In 1977 she was appointed manager of the then-struggling Westlands Barclays branch, becoming the first woman in Kenya to hold such a position. While working at Barclays Okelo founded the Barclays Bank Women's Association to support female bankers. In the early 1980s she co-founded the Kenya Women's Finance Trust (KFWT), an affiliate of Women's World Banking, with her sister Christine Hayanga. Okelo worked full-time at Barclays until 1985, when she was appointed the first African regional representative to Women's World Banking.

In 1987 she moved to Abidjan in Côte d'Ivoire to serve as the first female senior adviser to the president of the African Development Bank, and in 1990 she was appointed the vice-president of Women's World Banking.
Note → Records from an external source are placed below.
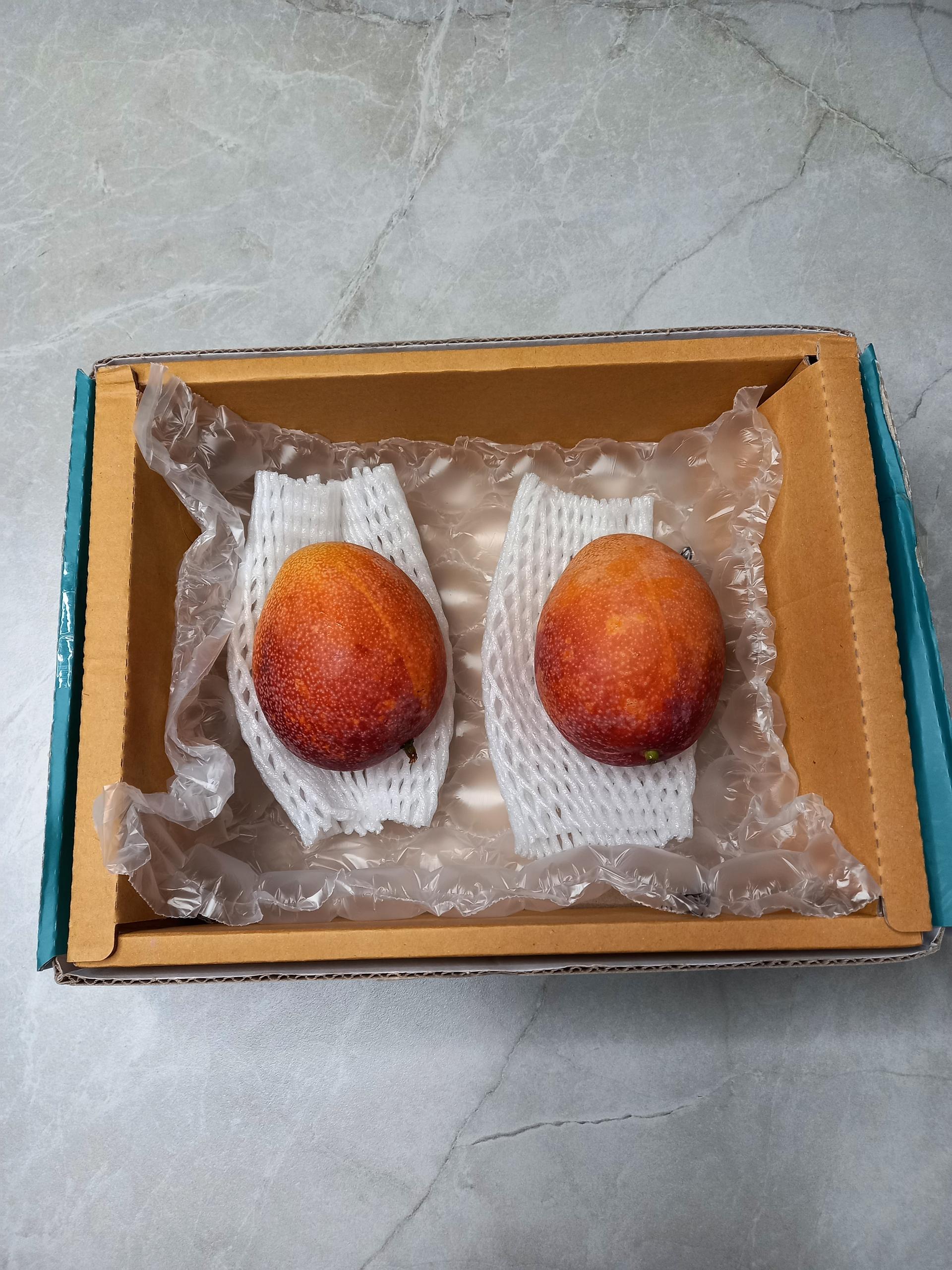 포토후기 이미지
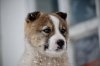 DSC_7013.JPG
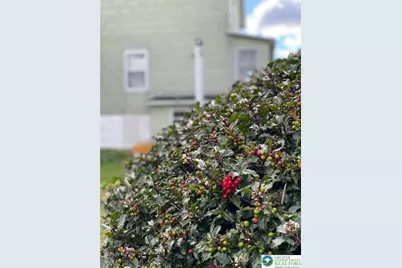 36 E Fell Street, Summit Hill Boro, PA 18250 - Photo 43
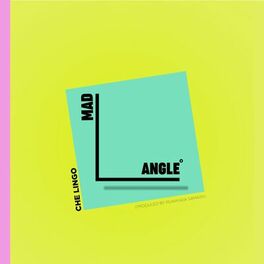 Album cover of Mad Angle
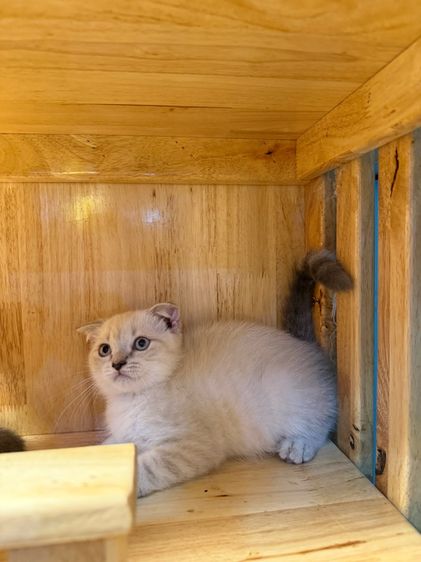 แมวสก็อตติช แบ่งเลี้ยงเบาๆค่ะ รูปที่ 6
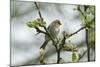 Redpoll (Carduelis Flammea) Adult Male Perched. Wales, UK, February-Mark Hamblin-Mounted Photographic Print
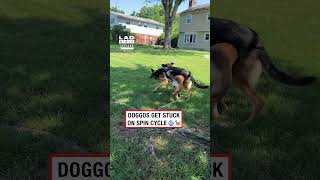 Playtime Turns Into a Dognado 🌪️🫨 Playtime Turns Into a Dognado 🌪️🫨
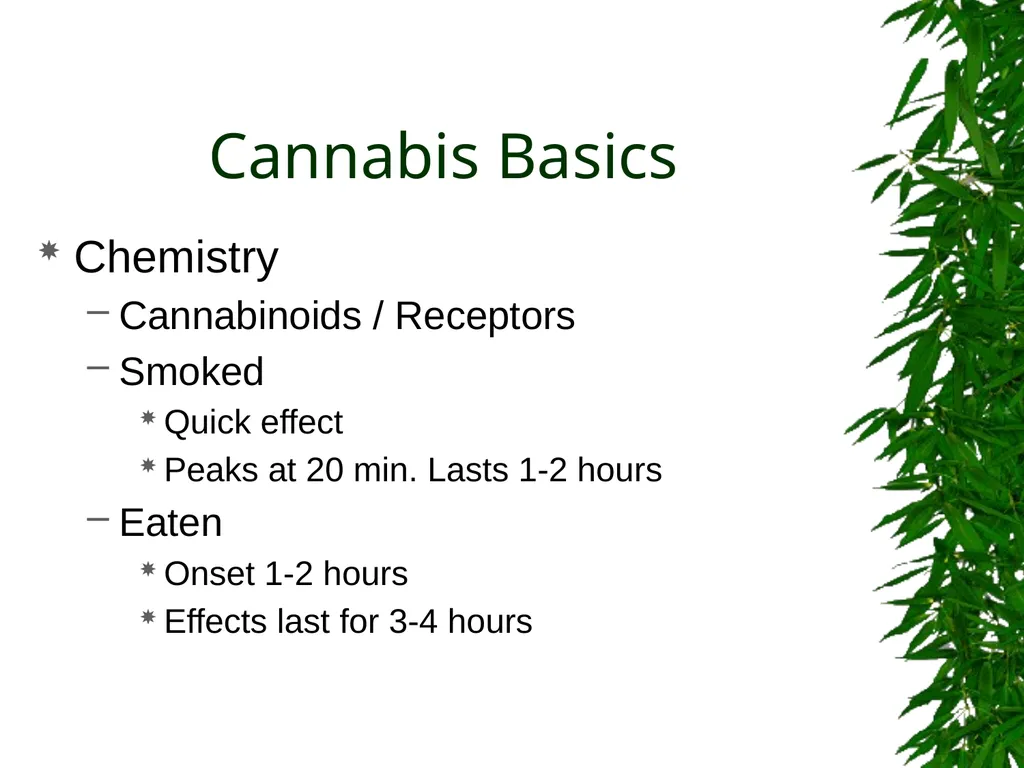 Presented By: David Kan, MD Medical Marijuana: - slide 8 of 48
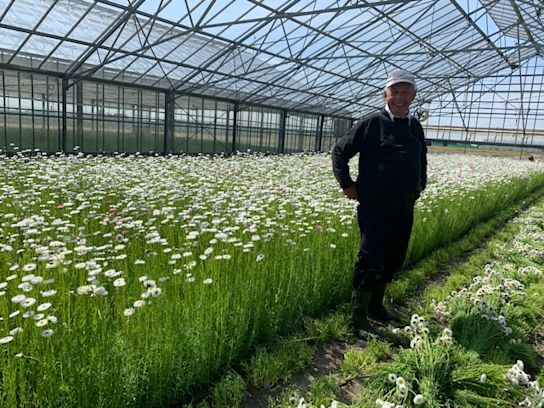 getrocknetesHelipterum,weiß,20 (1)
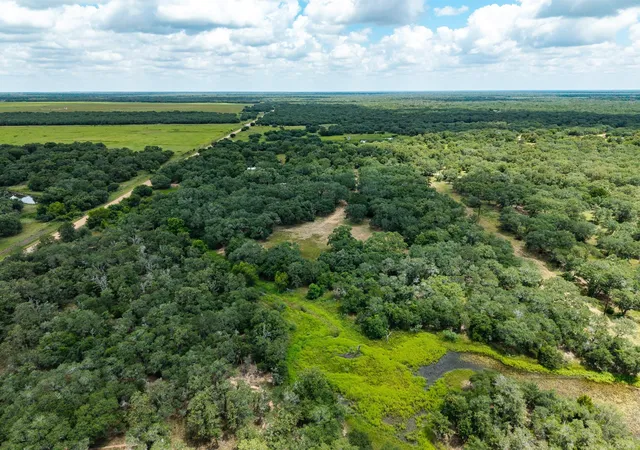 Photo 4 of Land for sale at 5641 County Rd 14, Hallettsville, TX 77964 | MLS# 76646861 | Listing updated on 2026-08-03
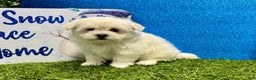 Maltese dogs for sale: Maltese Puppy 1 - Ad 2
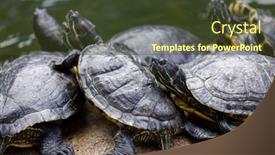  Presentation with pond - PPT theme featuring redear-turtle-in-water-pond background and a  colored foreground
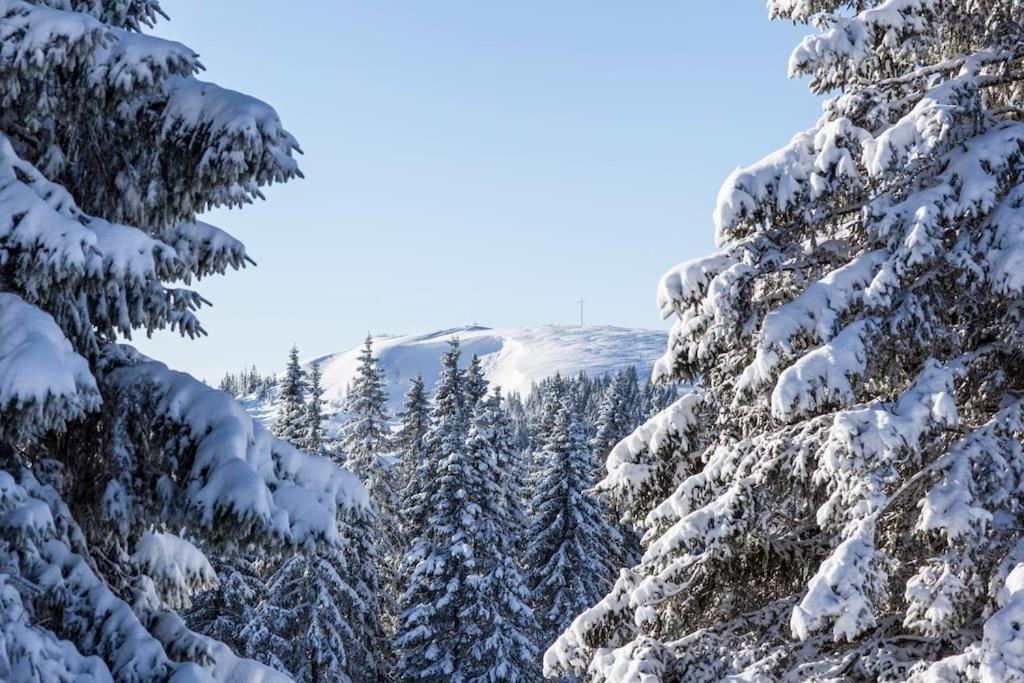 Waldlicht Titisee Екстер'єр фото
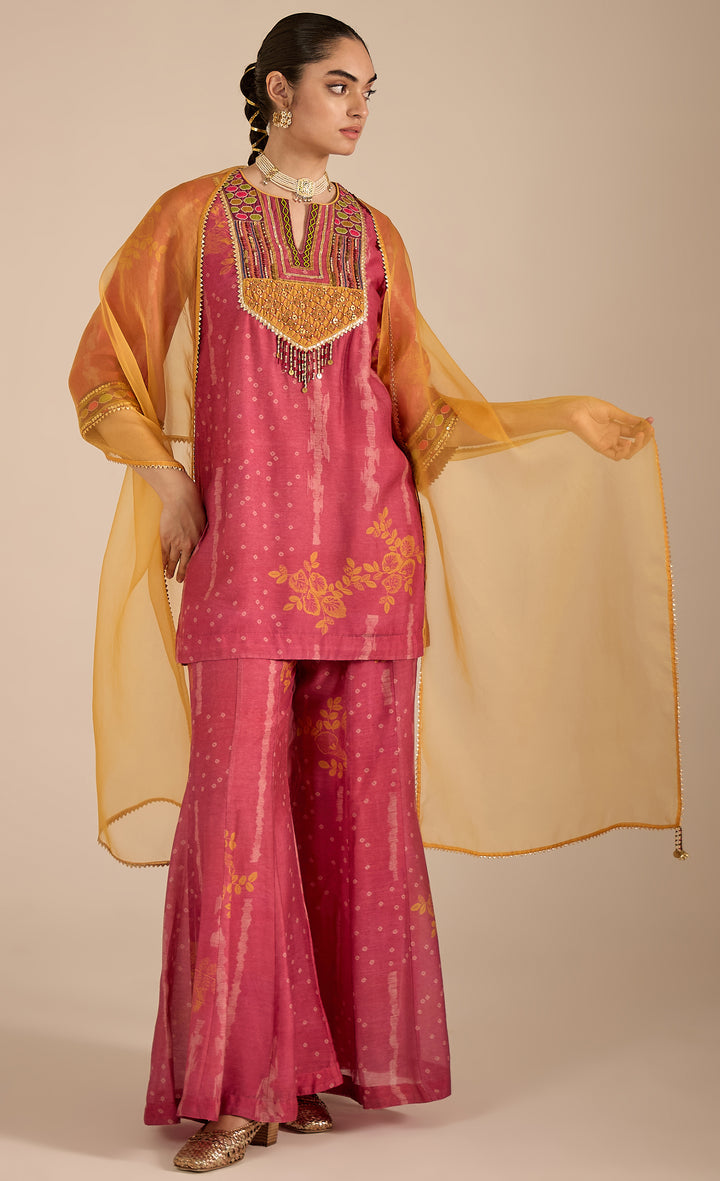 SAMAHAR: Blush Cotton Silk sharara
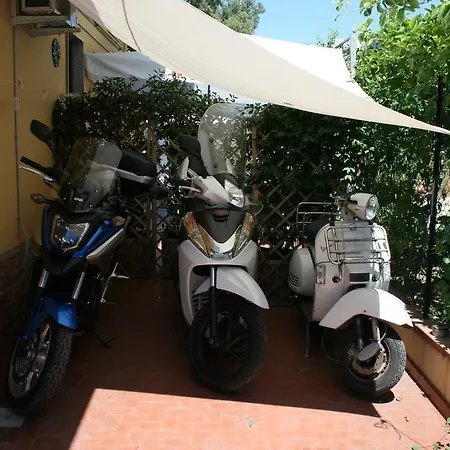 Tifeo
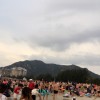 青海网友46286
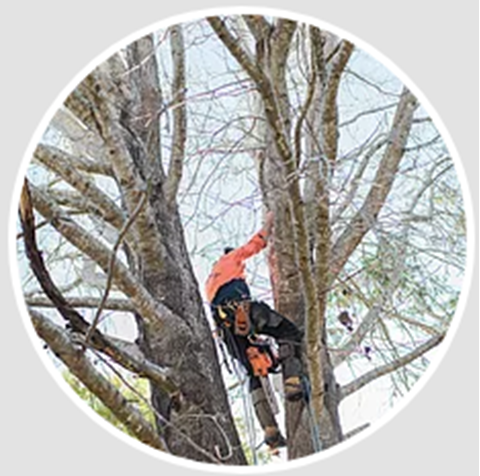 Valley Tree Services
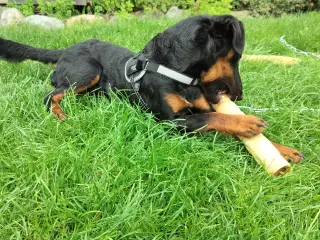Tysk jagt Terrier 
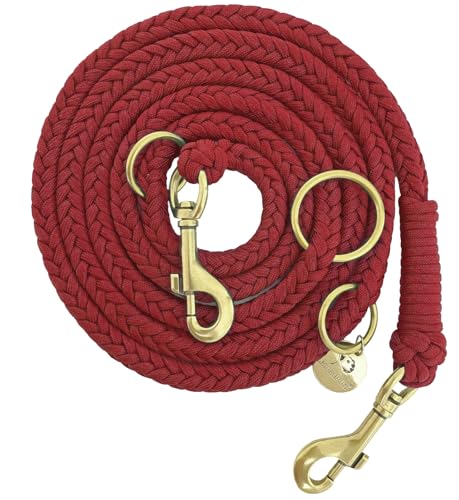 Leisegrün Paracord Hundeleine 2m | Handgefertigte Leine 3-Fach verstellbar | Handmade für kleine und mittelgroße Hunde (Ruby, 2 m) | Farbe: Rot von Leisegrün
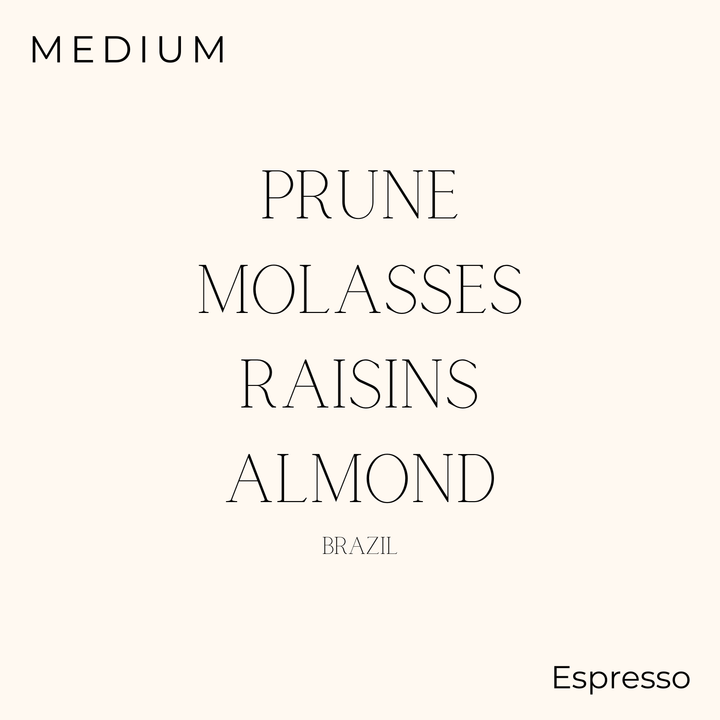 évery - Brazil - Marcelo Nogueira Assis x Flavio Marcio Silva Coffee Beans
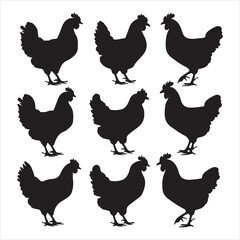 set of vector different types of chicken silhouette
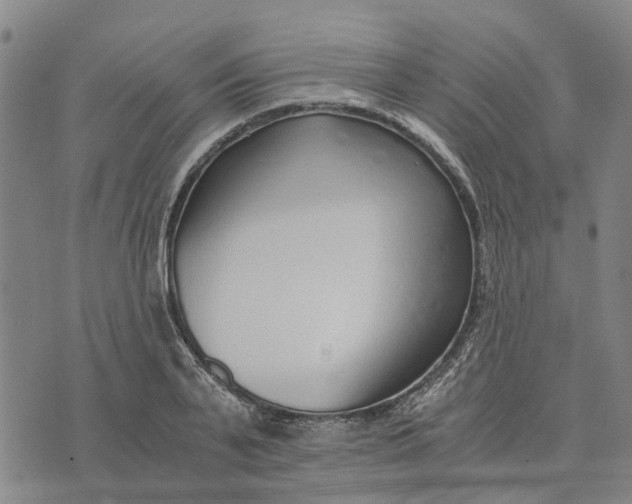 X0000076350791200610161757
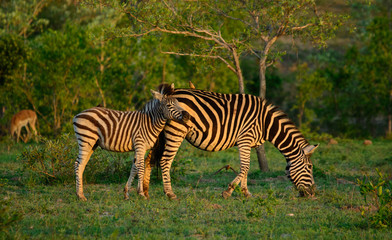 Fototapeta na wymiar Zebra Mare & Foal, Sabi Sand Game Reserve, South Africa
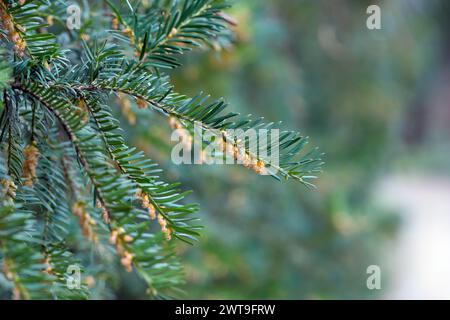 Gewöhnliche Eibe oder englische Eibe (Taxus baccata) in Blüte. Stockfoto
In 1978 Okelo and her husband established Riara Gardens Academy, a private nursery school that initially served 8 students and operated out of Okelo's home. Later renamed the Makini School, the operation expanded throughout the 1980s to cover all levels of primary education after erecting a dedicated school building in 1982. In the 1990s the operation split into three schools (Makini Lower Primary School, Makini Middle Primary School, and Makini Upper Primary School) occupying separate buildings and becoming collectively known as Makini Schools. Makini Schools expanded to offer secondary education in 1997, and an International Baccalaureate (IB) program was launched in 1998.

==Personal life==
Okelo met her husband, Pius Alois Okelo, during her banking studies in London. The pair married in 1968, in a London wedding attended by Okelo's siblings and the then Kenyan High Commissioner to Britain Josephat Karanja, and had three children. Pius Okelo was killed in a car accident in 2004.